Мучитель остановил своё наказание.
Развернувшись на пятках, он подошёл ко мне, схватив за волосы, поднял на ноги. Ему понравился красноватый цвет моих волос, которые он поднёс к своему носу, вынудив меня больно извернуть шею, и с сальным взглядом вдохнул их запах. Из коридора его кто-то позвал и он просто оттолкнул меня от себя, мазнув маслянистыми глазками на последок, как бы отдавая неприятное обещание.
Раньше я его здесь не видела.
Этот дом был в принципе не очень заселенным: пять мужчин в лёгких кожаных доспехах, старик в серой мантии, а помимо нас с Ноэль, ещё четыре девушки. Три из них, судя по отметинам на лице, были имари. Про отметины я догадалась позже, когда случайно увидела четвертую девушку в одном из подвальных помещений.
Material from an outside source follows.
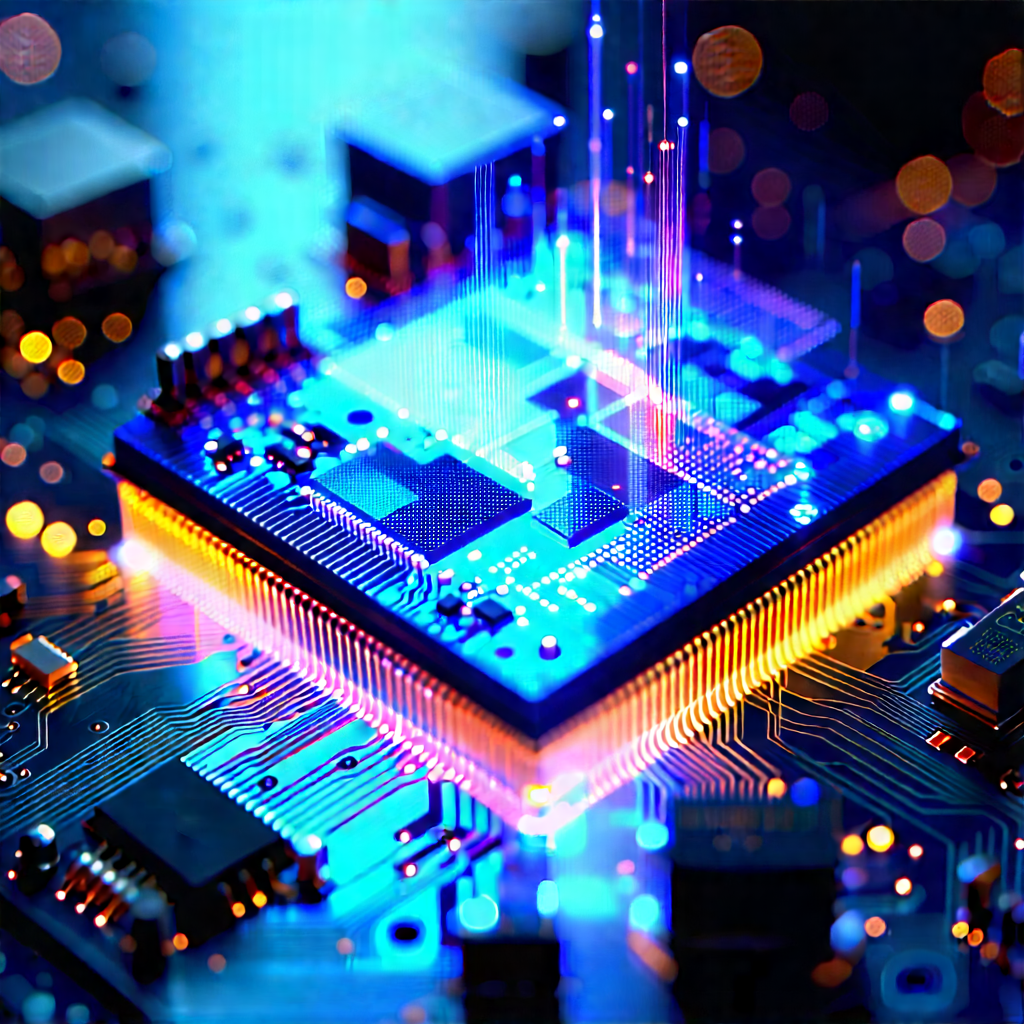 Microchip with holographic projection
Я тогда должна была выгладить бельё в странном аппарате, в котором между двумя твёрдыми раскаленными цилиндрами просовывалась ткань, а потом нехитрым образом с помощью ручки эти цилиндры прокручивали между собой бельё, отдавая уже идеально выглаженное.
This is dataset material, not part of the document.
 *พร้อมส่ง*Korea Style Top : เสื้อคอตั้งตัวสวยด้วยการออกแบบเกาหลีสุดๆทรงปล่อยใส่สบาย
Гладильная комната находилась в самом конце подвального коридора, в котором было много запертых помещений. Из недр одного из них доносились крики. Не плотно закрытые створки поманили меня, позволяя подсмотреть за ужасным действием: миловидной девушке твёрдой рукой один из ублюдков, правивших в этом поместье, наносил глубокие раны тонким лезвием. Девушка пыталась сдерживать крик, но получалось слабо. Когда он закончил своё зверство, с самым спокойным выражением лица взял в руку горсть что-то вроде соли и прижал к свежим ранам, вызывая леденящий душу крик боли.
Это ждёт и меня.
В тот вечер я попыталась сбежать первый раз. Ноэль старалась удержать меня за руку, преградить путь, но мы ещё слишком мало понимали язык друг друга, чтобы я могла догодаться, от чего именно она старалась меня уберечь. Тогда я впервые увидела, как она плачет. Игнорируя свои же слёзы, она схватила меня за лицо, и с жутким акцентом выдохнула три слова на моём родном языке:
- Ты. Смерть. Там.
Но я должна была сбежать. Хотя бы для того, чтобы доложить властям об издевательствах, творящихся здесь.
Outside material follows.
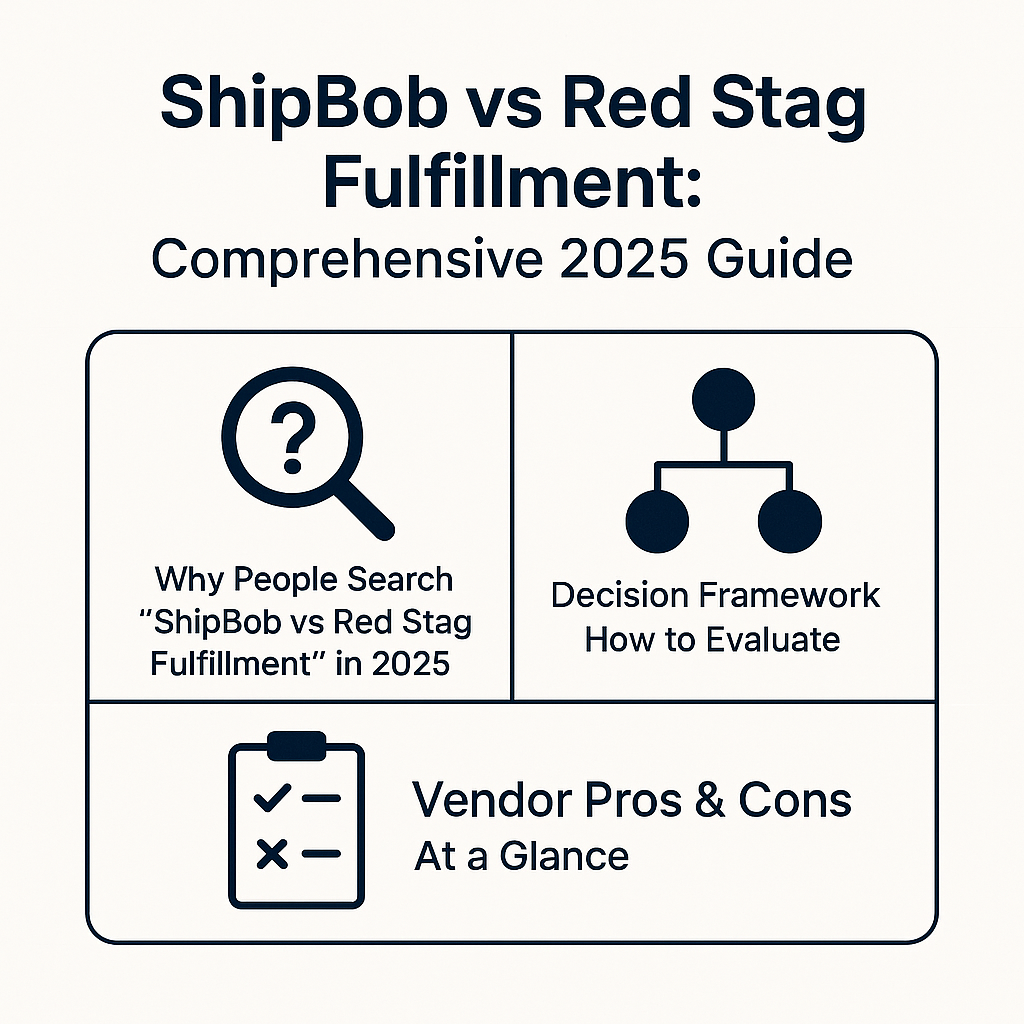 ShipBob vs Red Stag Fulfillment: Comprehensive 2025 Guide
Дом и эти люди, судя по всему, служили для того, чтобы обучать имари-рабынь. Только не могла понять, кому могут понадобиться такие загнанные люди, в нашем эмансипированном двадцать первом веке. Секс-рабыни – незаконно, но понятно. Извращенцев хватает. Но тех, кто служит в средневековом быту – это новый уровень больного бреда.
Меня пока не особо трогали, в отличие от остальных девушек. Пару раз подводили старика в мантии, о чём-то перегаркиваясь между собой. Но всё чаще и чаще провожали в коридорах малоприятным взглядом.
Я боялась боли, боялась наказания, боялась изнасилования, в конце концов, прислушиваясь ночами к мужским стонам и женским всхлипам, под ритмичный скрежет кровати.
Не могла вообразить, что в России есть настолько дикий угол, но, если слышишь цокот копыт, логичнее сразу представить лошадь, а не зебру. Поэтому я надеялась, что ещё в России, а не где-то дальше.
Я боялась этого места, но страх пересилил опасения того, что не доберусь до ближайшего города или дома с телефоном, что я заблужусь, и я всё же переспорила Ноэль. Вышла в ночь.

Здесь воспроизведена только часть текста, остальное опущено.